Why Doesn't the BMI Formula Use Height Cubed?

People are 3-dimensional, so it would seem to make sense to cube the height in order to remain proportional.

I looked at the Wiki entry, and this is included as one of the criticisms of the formula. But why would formula have been based on height squared to begin with, and why not just fix it by changing it to height cubed? Must be that it’s not as simple as that.

Because people aren’t proportional. NBA players aren’t just scaled up Pygmies.

Not that I think BMI is a good measure of anything.

Hey, I expected more support from you in particular. :slight_smile:

Not everyone is proportionate to everyone else. But if you’re specifically measuring body fat or the like and comparing people to the world in that regard, then then you’re measuring how far a given person’s proportions differ from that standard.

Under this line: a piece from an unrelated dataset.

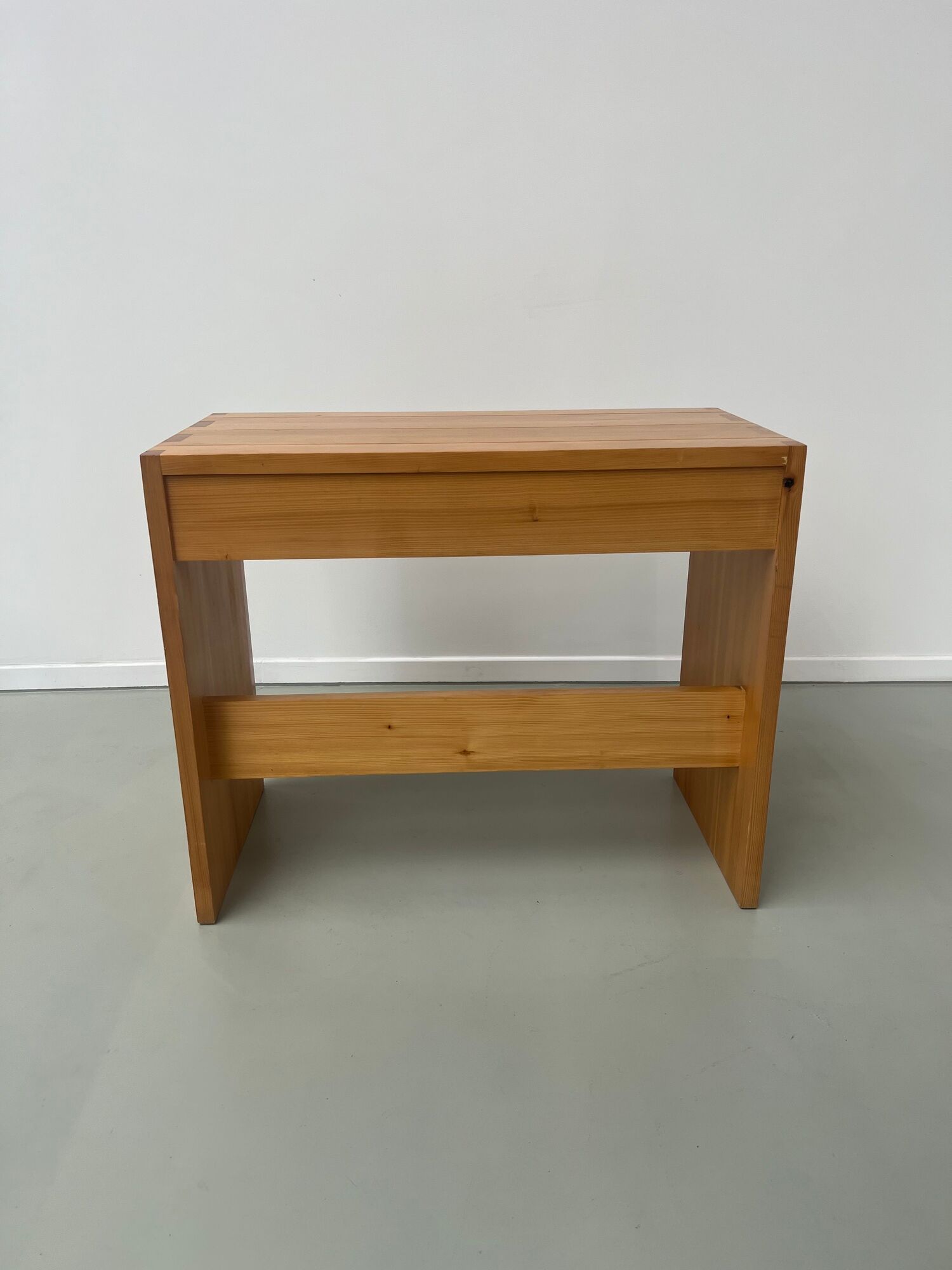 Bureau de Roland Haeusler pour Maison Regain, en pin Circa 1970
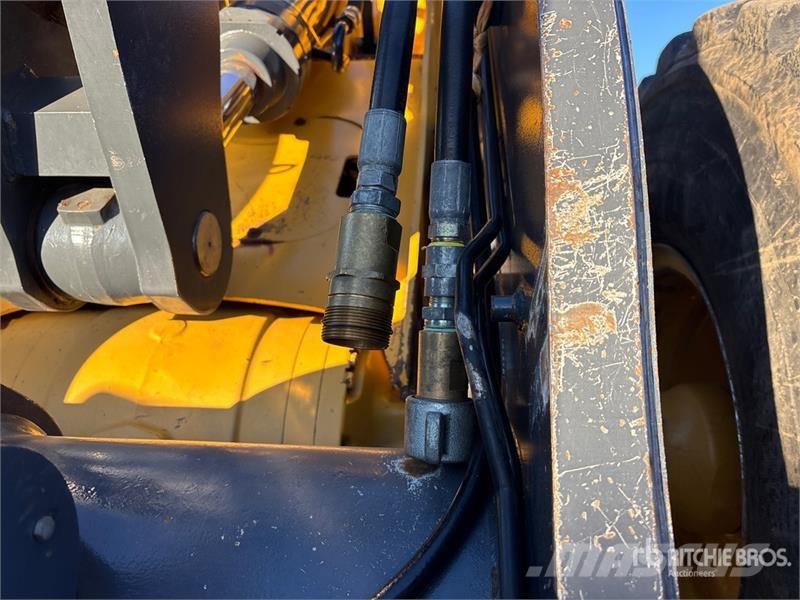 John Deere 624 K Wheel Loader Iekrāvēji uz riteņiem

BMI is purely a propaganda tool with little or no medical value. In 1835 a Belgian mathematician, presented his theory of the average man based upon the measurements of Belgian peasants almost 200 years ago, in a attempt to prove that ‘the weight increases as the square of the height’. Note that the original scale does poorly after 6’ since apparently there were few or no really tall guys in 1830’s Belgium, and at no time did Quetelet think to try to use his “average man” scale to measure obesity or health nor did he consider it useful in that regard. The purpose really was to measure "the average man’ which linked into his criminology studies. Altho quite brilliant in his day, his theories today would be considered “pseudo-science” or badly outdated. Note also that today we are generally taller and healthier than a Belgian from 1830.

*The person who dreamed up the BMI said explicitly that it could not and should not be used to indicate the level of fatness in an individual.2. It is scientifically nonsensical.

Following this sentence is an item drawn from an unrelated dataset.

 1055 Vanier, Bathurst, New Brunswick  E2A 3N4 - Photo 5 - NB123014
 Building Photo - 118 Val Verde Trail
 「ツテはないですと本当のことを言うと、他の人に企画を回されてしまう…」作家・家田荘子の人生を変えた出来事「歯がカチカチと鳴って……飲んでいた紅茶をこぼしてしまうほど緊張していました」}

There is no physiological reason to square a person’s height (Quetelet had to square the height to get a formula that matched the overall data. If you can’t fix the data, rig the formula!). Moreover, it ignores waist size, which is a clear indicator of obesity level.*

At the center of this debate is the body mass index, a simple equation (your weight in kilograms divided by the square of your height in meters) that has in the last decade claimed a near-monopoly on obesity statistics. Some researchers now argue that this flawed and overly reductive measure is skewing the results of research in public health. For years, critics of the body mass index have griped that it fails to distinguish between lean and fatty mass. (Muscular people are often misclassifed as overweight or obese.) The measure is mum, too, about the distribution of body fat, which makes a big difference when it comes to health risks. And the BMI cutoffs for “underweight,” “normal,” “overweight,” and “obese” have an undeserved air of mathematical authority. … Then, in 1998, the NIH changed the rules: They consolidated the threshold for men and women, even though the relationship between BMI and body fat is different for each sex, and added another category, “overweight.” The new cutoffs—25 for overweight, 30 for obesity—were nice, round numbers that could be easily remembered by doctors and patients.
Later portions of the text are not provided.